HOMENAGEM – Na ocasião, a UEM homenageou os seguintes pesquisadores pela relevância científica e destaque internacional: Adelar Bracht, Angelo Antonio Agostinho, Carlos Alberto Scapim, Celso Vataru Nakamura, Clóves Cabreira Jobim, Jesuí Vergílio Visentainer, Lúcio Cardozo Filho, Mauro Luciano Baesso, Rosângela Bergamasco, e Sonia Silva Marcon.

PRESENÇAS – Além das autoridades acadêmicas, o evento contou com as presenças dos prefeitos de Maringá em exercício, Edson Ribeiro Scabora, e de Goioerê, Roberto dos Reis de Lima; e do diretor de Inovação de Maringá, Estanislau Cesar Rael dos Santos.

PARQUE CIENTÍFICO – Durante visita ao Núcleo de Inovação Tecnológica (NIT) da UEM, foram apresentadas as demandas para a instalação do Parque de Ciência e Inovação, que vai abrigar o Complexo de Centrais de Apoio à Pesquisa (Comcap), a Incubadora Tecnológica de Maringá e o Laboratório com Nível de Biossegurança 3 (NB3).

A finalidade é centralizar em uma estrutura ampla as ações de inovação, além de aumentar a oferta de espaço para empresas incubadas. No local, também será ampliado o Biotério da UEM – local de conservação de animais para experimentos científicos, principalmente roedores, rãs, coelhos e insetos.

Segundo o coordenador do NIT, professor Ivair Aparecido dos Santos, essa medida deve proporcionar melhorias no sistema de saúde do Noroeste paranaense. “Maringá é um centro regional de saúde, e com o novo Biotério será possível expandir as pesquisas científicas, tanto da UEM quanto de outras instituições de ensino superior”, salientou.
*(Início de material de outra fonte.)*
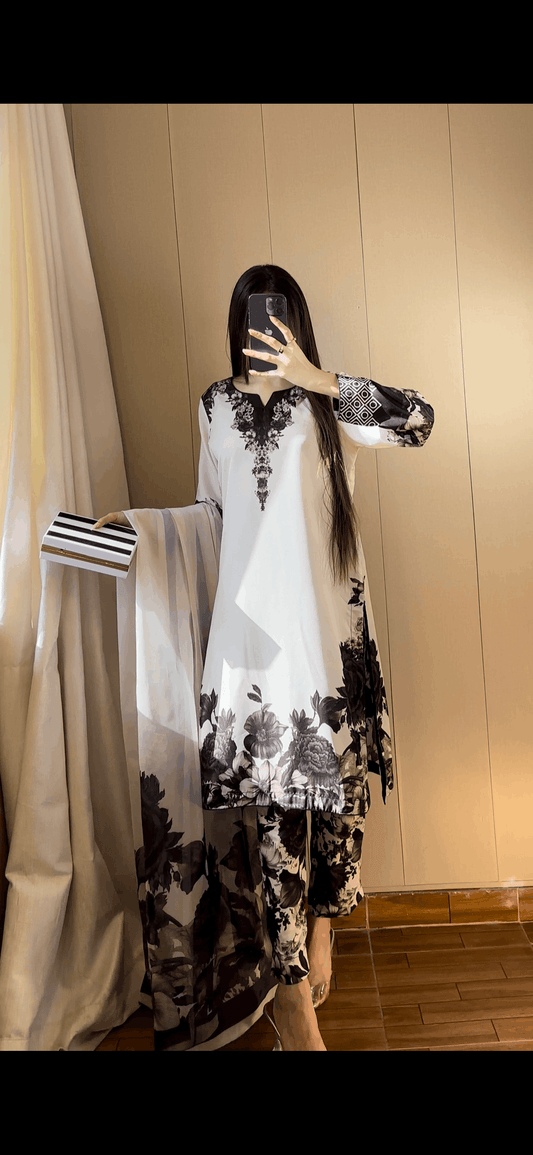 2PC  Digital Print Lawn Y51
MULHERES – O superintendente Aldo Bona também conheceu as instalações do projeto Manna Team, que contempla alunas de escolas públicas dos ensinos Fundamental e Médio em atividades relacionadas às ciências da computação. A iniciativa é considerada o principal ecossistema de ensino, pesquisa, extensão e inovação em Internet das Coisas (IoT) e Robótica do Estado.

“Entre várias atividades, produzimos kits de microeletrônica para a capacitação de adolescentes e imprimimos próteses temporárias de antebraços em 3D, que são distribuídas para jovens que passaram por amputações”, explicou a coordenadora do projeto, professora Linnyer Beatrys Ruiz Aylon, que também atua no Programa de Pós-Graduação em Ciência da Computação da UEM.

O Manna Team deve ser contemplado com investimentos para a infraestrutura física e expansão das atividades, com recursos provenientes dos Brics – grupo de países emergentes formado por Brasil, Rússia, Índia, China e África do Sul.